_EXERCISE DETAILS_
All records below are to be duplicated exactly, with every picture excluded.

_DATA TO PROCESS_
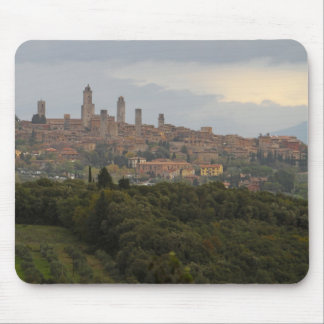 San Gimignano, Italië Muismat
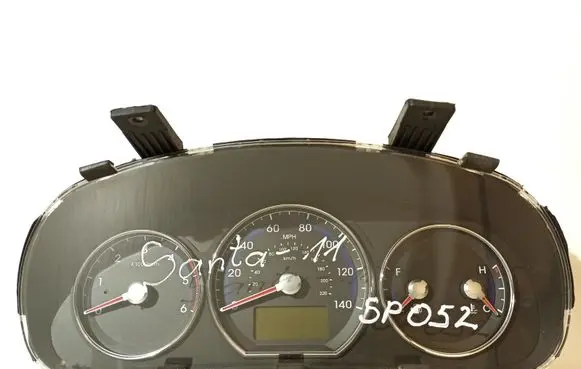 Hyundai Santa Fe Speedometer (instrument cluster) 11001449700H 940112B605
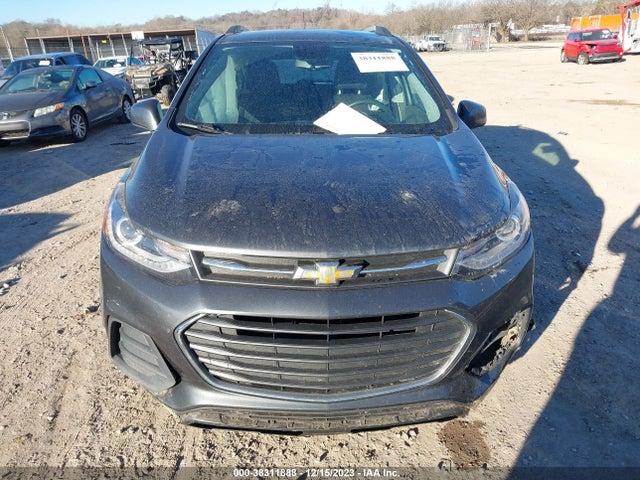 Chevrolet Trax Lt 2017 KL7CJLSB5HB163086 Image 13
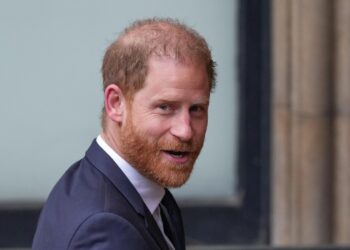 Prince Harry's court battle against British tabloids reaches final chapter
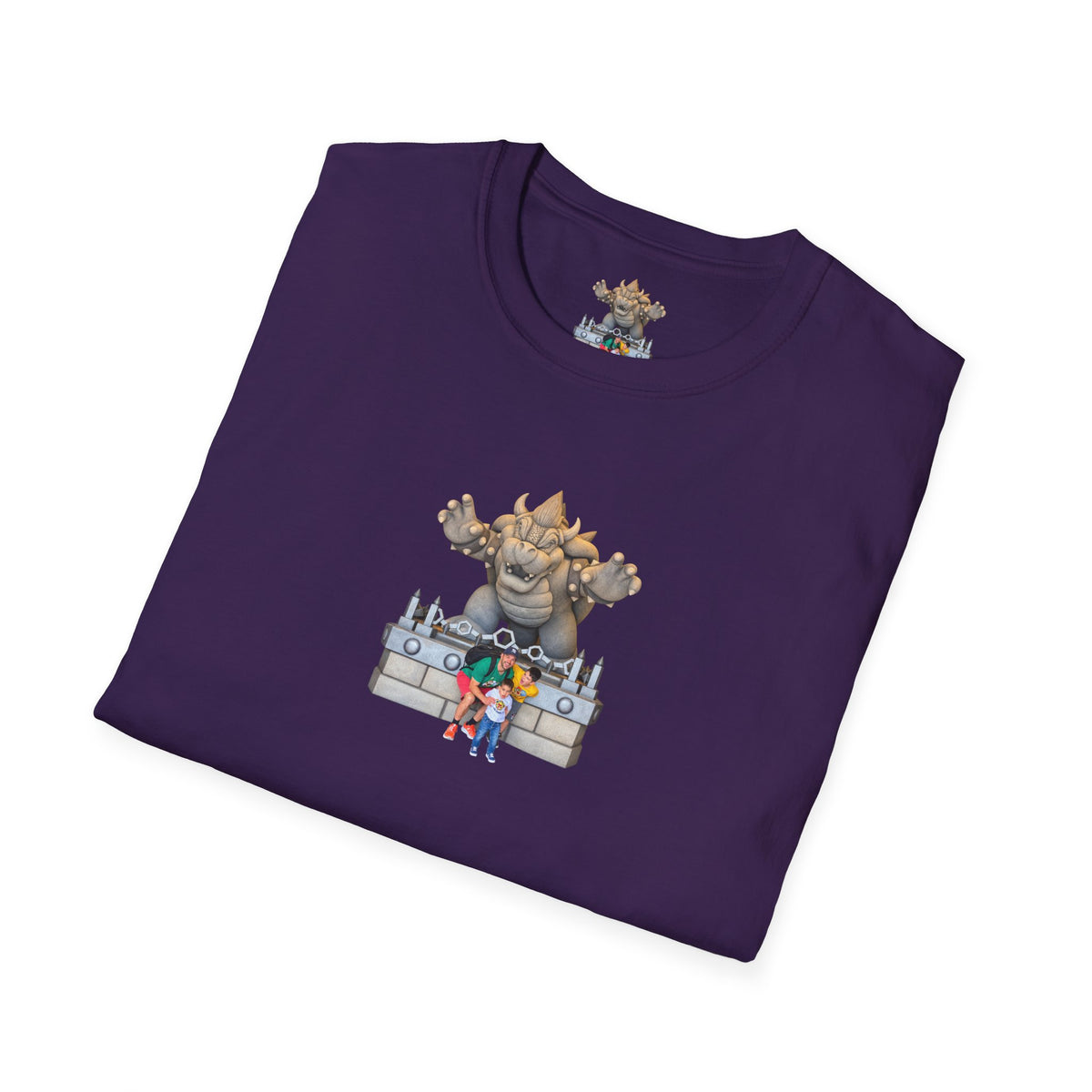 ML Fam - Adult T-Shirt
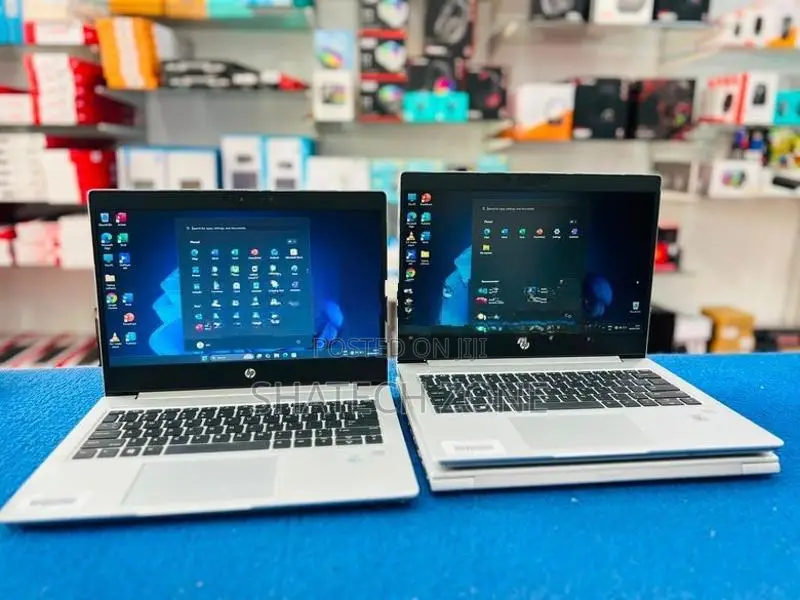 Laptop i5 10th Gen HP ProBook 430 G7|8GB RAM|256GB NVME|Wi-Fi|14"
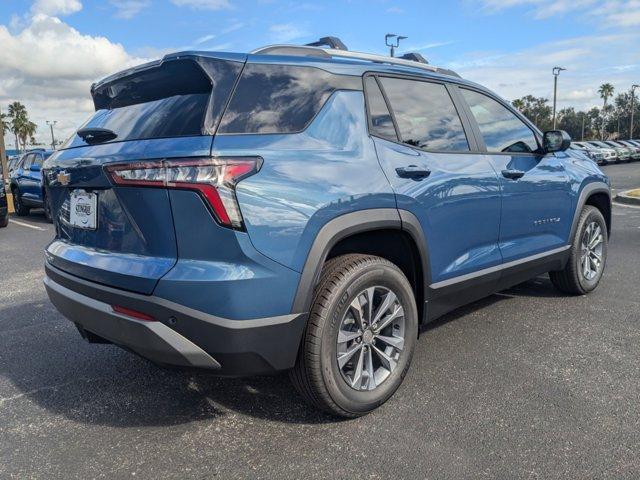 new 2025 Chevrolet Equinox car, priced at $33,625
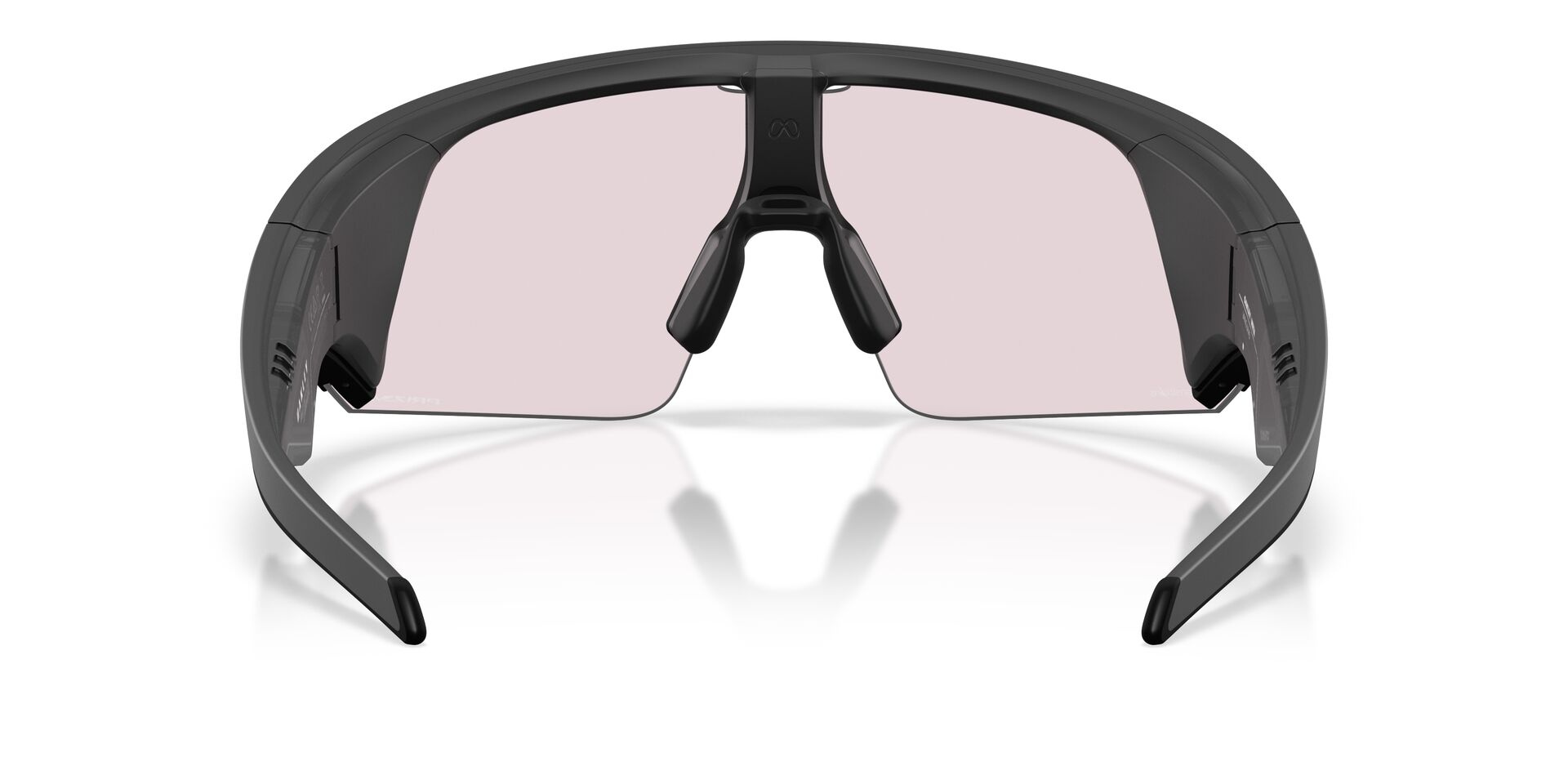 Oakley Meta Vanguard - sportowe okulary Meta AI z kamerą OW8001-09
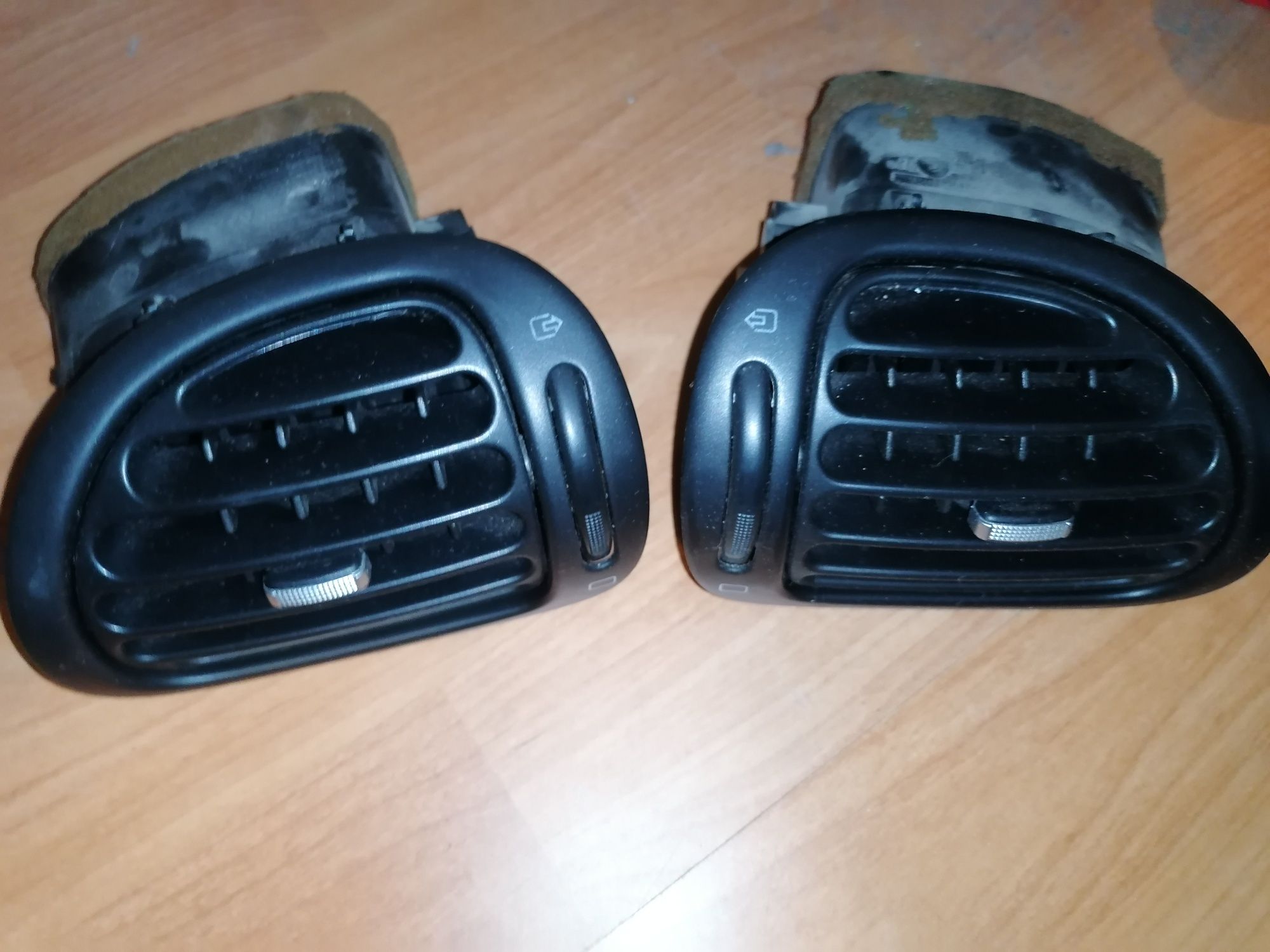 Consola peugeot 206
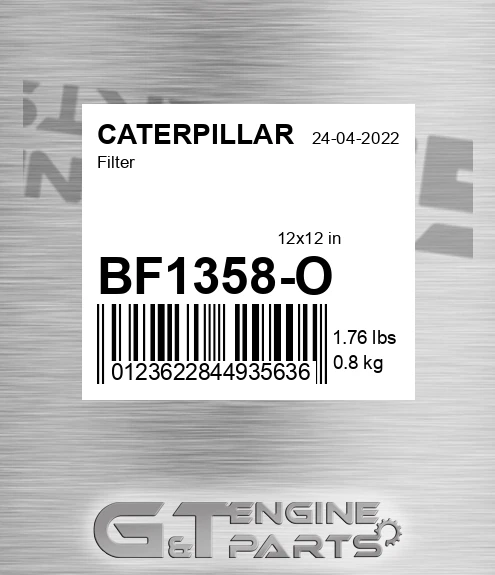 BF1358-O Filter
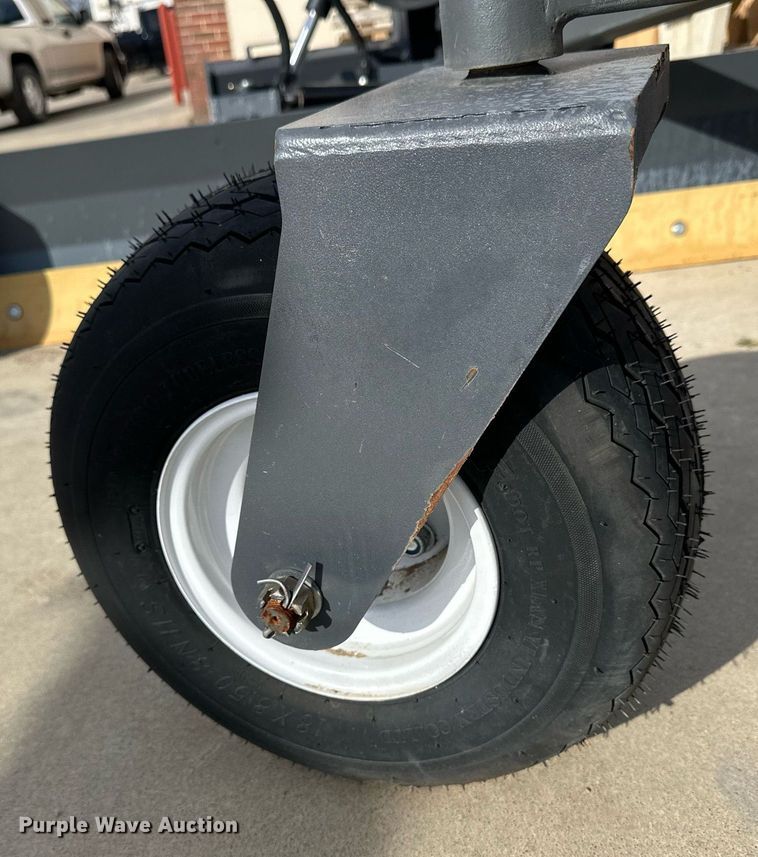 image for item NJ9294 Handy HSGB96 skid steer grader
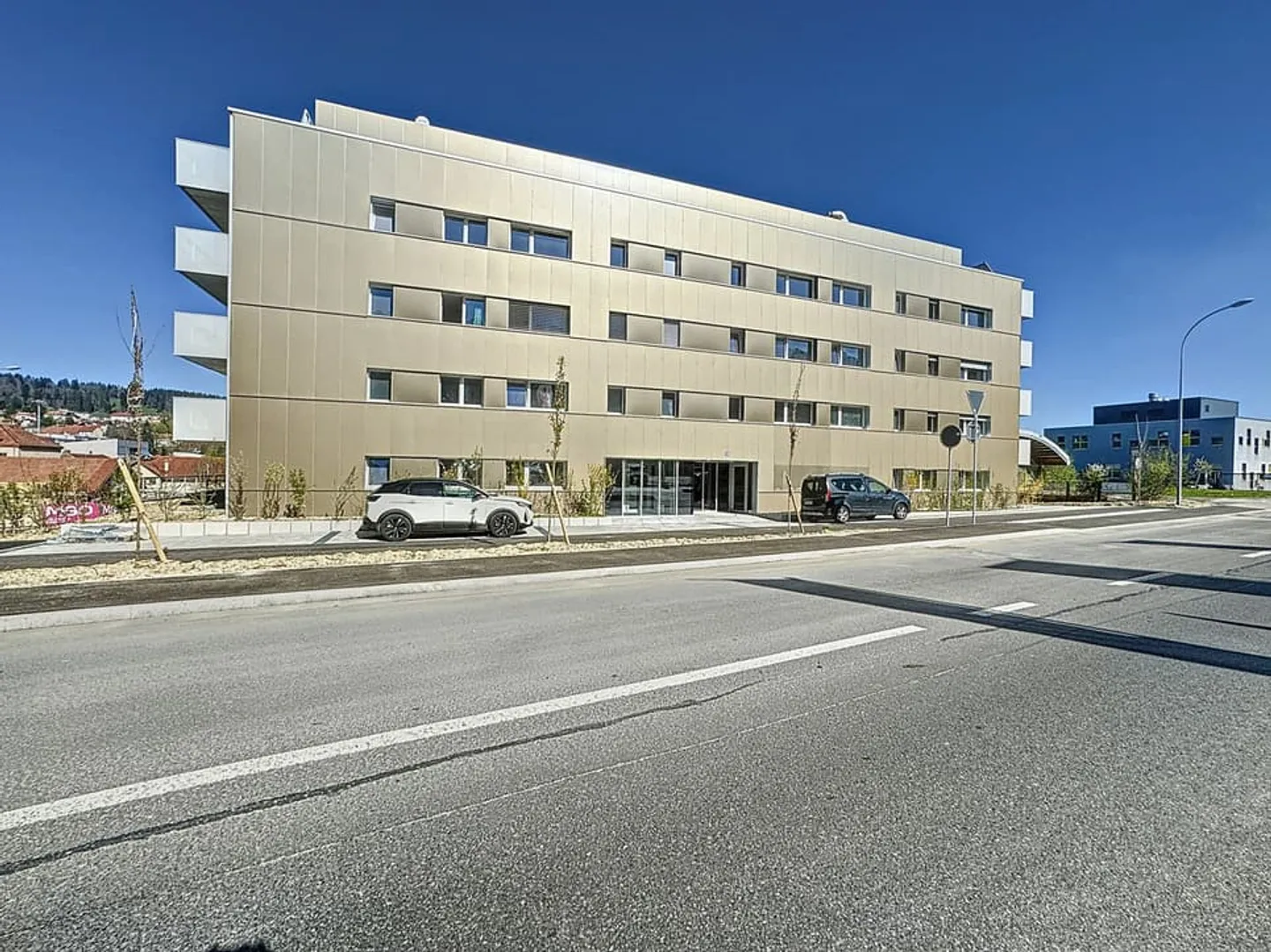 Appartamento 4.5 locali con terrazza - Foto 1 di 13
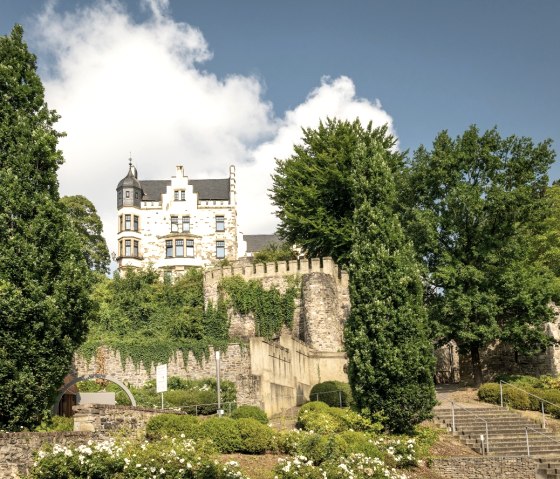 Burg Rode, © StädteRegion Aachen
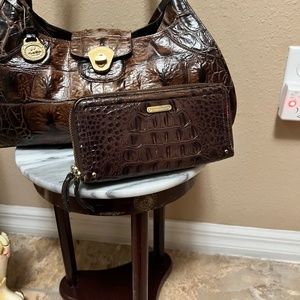 Brahmin Bag and purse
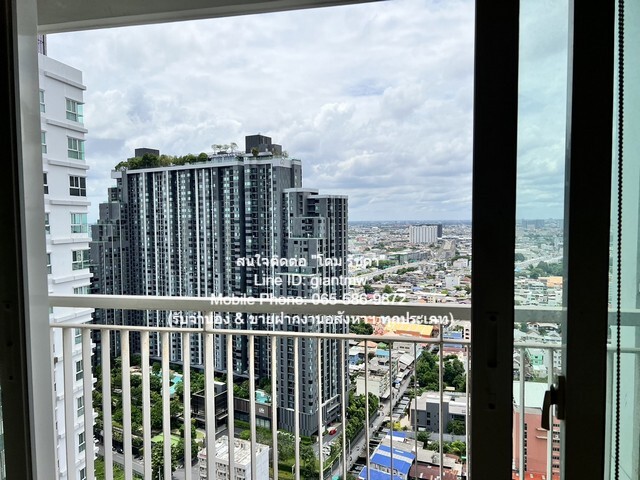 CONDO The Parkland Grand Taksin พ.ท. 47 SQUARE METER 3600000 บาท. ใกล้ BTS ตลาดพลู และ BTS โพธิ์นิมิตร ราคาไม่แรง เป็นคอนโดหรูที่มีขนาด 1 ห้องนอน 1 ห้องน้ำ พร้อมกับได้มีการตกแต่งภายในเพิ่มเติมได้แบบเรียบหรู  และอยู่ในทำเลที่ตั้งของคอนโดนี้ ตั้งอยู่ท่ามกลางสิ่งอำนวยความสะดวกในทุกมิติ และสามารถใช้ทางเข้าออกได้หลากหลายเส้นทาง เช่น ถนนรัชดาภิเษก, ถนนพหลโยธิน รูปที่ 1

_REPLY TO THE TASK_
 San Gimignano, Italië Muismat
 Hyundai Santa Fe Speedometer (instrument cluster) 11001449700H 940112B605
 Chevrolet Trax Lt 2017 KL7CJLSB5HB163086 Image 13
 Prince Harry's court battle against British tabloids reaches final chapter
 ML Fam - Adult T-Shirt
 Laptop i5 10th Gen HP ProBook 430 G7|8GB RAM|256GB NVME|Wi-Fi|14"
 new 2025 Chevrolet Equinox car, priced at $33,625
 Oakley Meta Vanguard - sportowe okulary Meta AI z kamerą OW8001-09
 Consola peugeot 206
 BF1358-O Filter
 image for item NJ9294 Handy HSGB96 skid steer grader
 Appartamento 4.5 locali con terrazza - Foto 1 di 13
 Burg Rode, © StädteRegion Aachen
 Brahmin Bag and purse
 CONDO The Parkland Grand Taksin พ.ท. 47 SQUARE METER 3600000 บาท. ใกล้ BTS ตลาดพลู และ BTS โพธิ์นิมิตร ราคาไม่แรง เป็นคอนโดหรูที่มีขนาด 1 ห้องนอน 1 ห้องน้ำ พร้อมกับได้มีการตกแต่งภายในเพิ่มเติมได้แบบเรียบหรู  และอยู่ในทำเลที่ตั้งของคอนโดนี้ ตั้งอยู่ท่ามกลางสิ่งอำนวยความสะดวกในทุกมิติ และสามารถใช้ทางเข้าออกได้หลากหลายเส้นทาง เช่น ถนนรัชดาภิเษก, ถนนพหลโยธิน รูปที่ 1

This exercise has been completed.